Chicken pox afflicts about 4 million people a year, mostly children. Typically, it’s a nuisance disease, keeping bump-covered children out of school and their parents out of work for about a week. Some doctors have contended a vaccine is unnecessary.

But chicken pox can be deadly in infants, adults and people with immune problems. It kills up to 90 people a year and hospitalizes another 9,000.

A chicken pox vaccine has been used in high-risk children in Japan for 20 years with no known ill effects and for almost 10 years there in healthy children. Japanese figures show only 1 or 2 percent of the vaccinated children contract chicken pox.

Merck & Co. is seeking FDA approval to market in the United States a chicken pox vaccine called Varivax, which is made of the same strain of chicken pox virus that the Japanese vaccine uses.

As with any vaccine, it has some mild side effects, typically redness or swelling of the vaccine site, said Merck scientist Dr. Jo White.

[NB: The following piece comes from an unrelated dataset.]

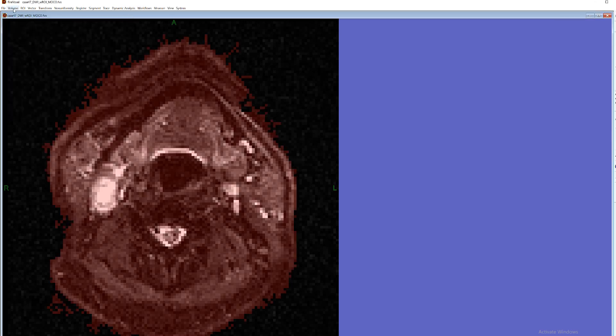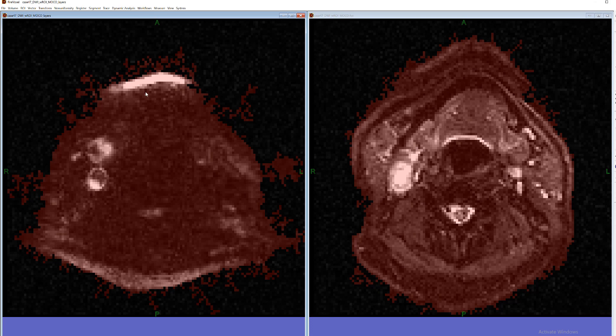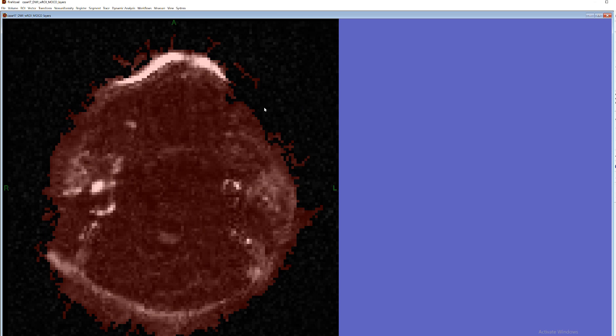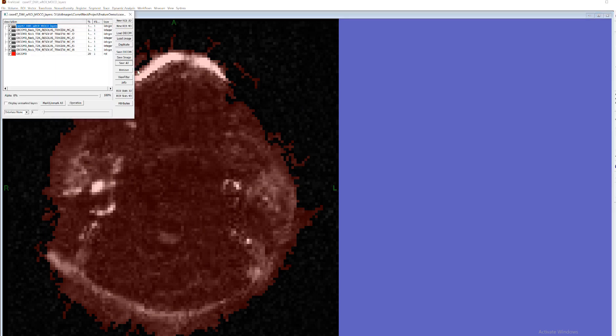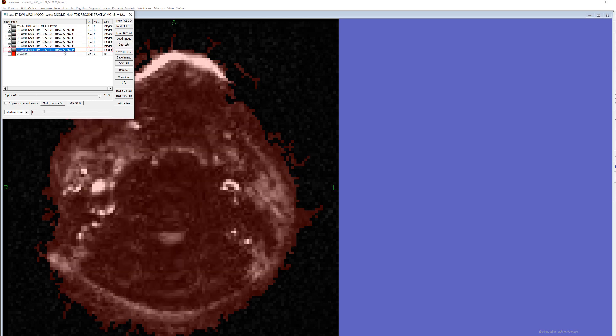If you go on the volume menu and here it's called split the volume into layers. There are no parameters. You just press and the new document appears.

Merck officials produced studies of 11,000 people who had received the vaccine. The few who later contracted chicken pox got very mild cases, company officials said.

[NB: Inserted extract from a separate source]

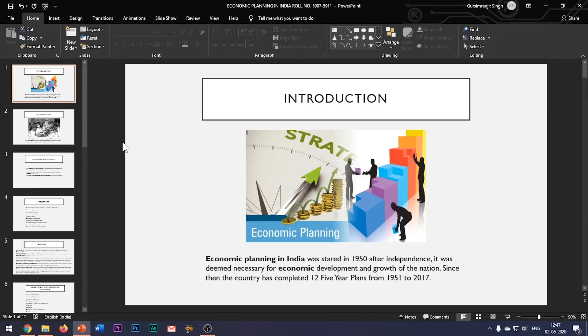...why the orientation of our PowerPoint slide is in landscape form by default, and is there any way by which we can change the size and orientation of our PowerPoint slide? Well, the answer is yes.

The advisory committee said Merck proved the vaccine was effective over the short term but may not protect adequately for more than four or five years.

″The need for booster shots has not been determined,″ said the FDA’s Dr. Phillip Krause. The advisory committee agreed and said the government and Merck should immediately study whether everyone would need a booster shot.

Merck officials say anyone over age 12 would need two shots in order to be protected.

Another question about the vaccine is whether it affects how many people get shingles, a very painful rash caused when the chicken pox virus continues to live within its victims and resurfaces as shingles decades later.

The FDA has not set a date to consider whether to approve the vaccine, but officials said privately it could come soon. The Centers for Disease Control and Prevention is poised to approve guidelines for use of the vaccine next month.

Merck officials said the vaccine would be in doctors’ offices six weeks after FDA approval.